Bank of Mum & Dad being tapped up by ‘second steppers’

Bank of Mum & Dad being tapped up by ‘second steppers’

Squeeze on savings

16% of ‘second steppers’ – homeowners looking to sell their first home and move up the property ladder – are considering turning to the ‘bank of mum and dad’ to fill the gap between the value of their first home and the cost of the house they would ideally move to, according to the latest research from Lloyds TSB.

A recent Lloyds TSB report found that 62% of second steppers have wanted to climb up the ladder in the past 12 months but have been unable to do so as they face an increasing number of challenges. However, the latest research indicates that one of the main challenges is a shortfall or lack of a deposit, with 52% of all those questioned agreeing that not having enough saved to cover the deposit is preventing them from taking the second step on the property ladder.

The majority of second steppers will be hoping to use savings (61%) or equity in their current property (67%) to fund the move to their second property. However, 16% are also considering going back to their family to ask for financial support.

The research revealed that 44% of first-time buyers received help from someone for the deposit on their first property.

Almost 90% of first-time buyers are asking for support in Scotland and a eight out of ten of first-time buyers in London have been looking for financial help.

The average loan size first-time buyers received from family or friends the first time around reached almost £13,000 and many are looking for a similar amount again to help them move up the ladder (£12,746).

The additional capital needed by second steppers to trade up currently stands at an average of £41,000; an almost 200% (194%) increase on the £14,000 that was required 10 years ago.

Two thirds of current first-time buyers are currently living in flats (43%) or terraced houses (25%); with an average value of a flat at £148,502. Meanwhile, over half hope their next move will be to a three bedroom house. The average price for a semi-detached house currently stands at £189,312. This means that those looking to make this move face a 27% premium just to trade up, before adding on the cost of moving or the fact that there may be an equity shortfall in their current property. Since 2001, the average cost associated with moving home for someone who already owns a home rose by 69% (£3,632) from £5,290 in 2001 to £8,922 in 20111.

In percentage terms, second steppers in the south east face the biggest premium to trade up at 52%, and will need almost £85,000 to trade up from the typical first property to their second home. Londoners will need to find £97,916 to fund the same gap, although the premium across the capital is only 27%. Second Steppers in Wales need the lowest deposit with the cost of trading up at just over £6,000.
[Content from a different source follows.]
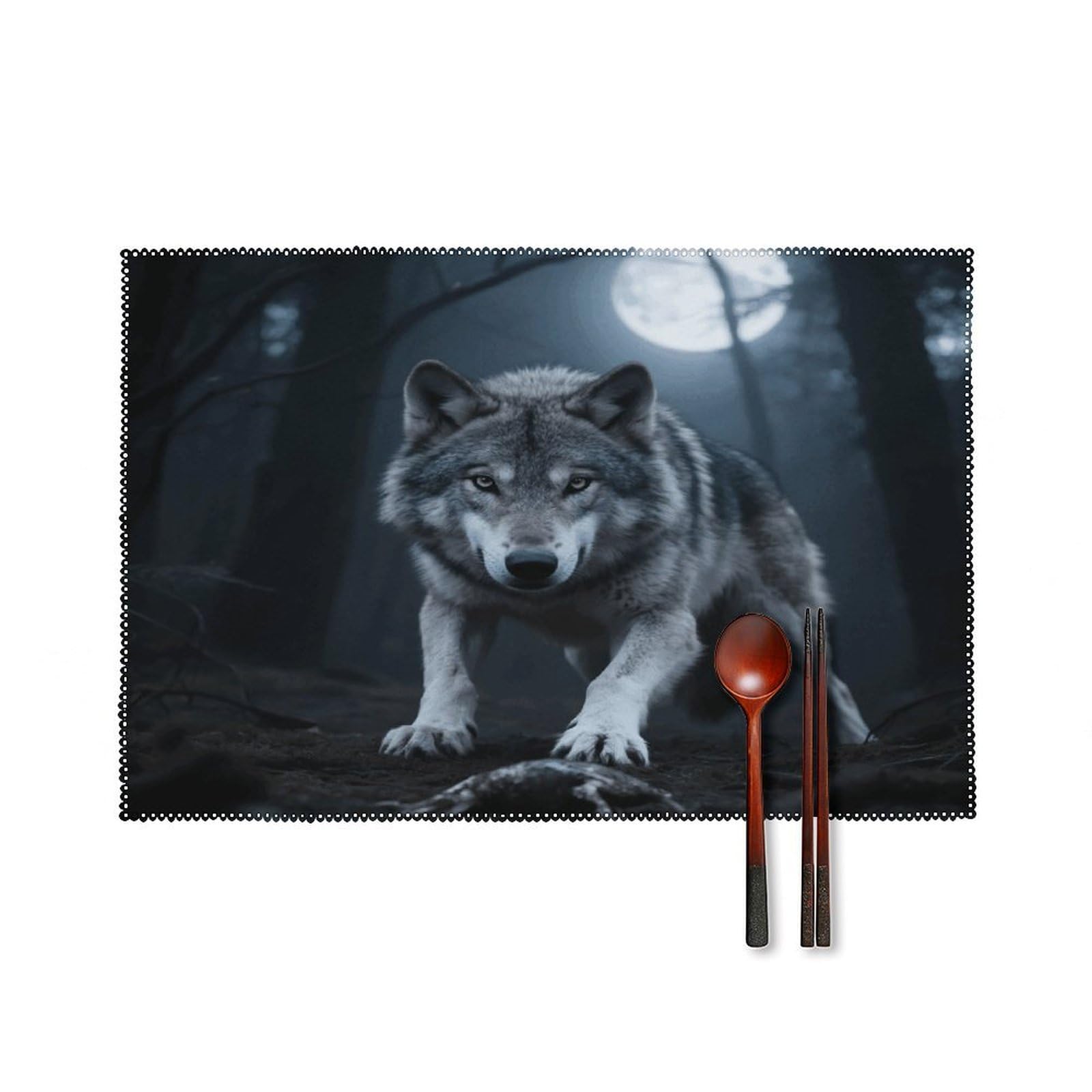 Night Wolf Hunting Placemats Set of 4 Heat Resistant Non-Slip Place Mats for Dining Table Washable Placemat Wipeable Dining Table Mat Canvas Place Mats Dining Table Decor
“We already know that second steppers face a number of tough challenges, and in many ways have been the hardest hit by the subdued housing market, so it is unsurprising that they are struggling to fund the gap needed to trade up to their preferred second home,” said Stephen Noakes, mortgage director, Lloyds TSB.

“Parents have long been helping to fund their children’s first home, but many are now having to provide further support as they move up the ladder. This indicates that these customers still need attention and support.

“To achieve a sustainable housing market we need to see movement throughout the market. If second steppers get stuck on the first rung, movement at the bottom half of the ladder comes to a standstill.”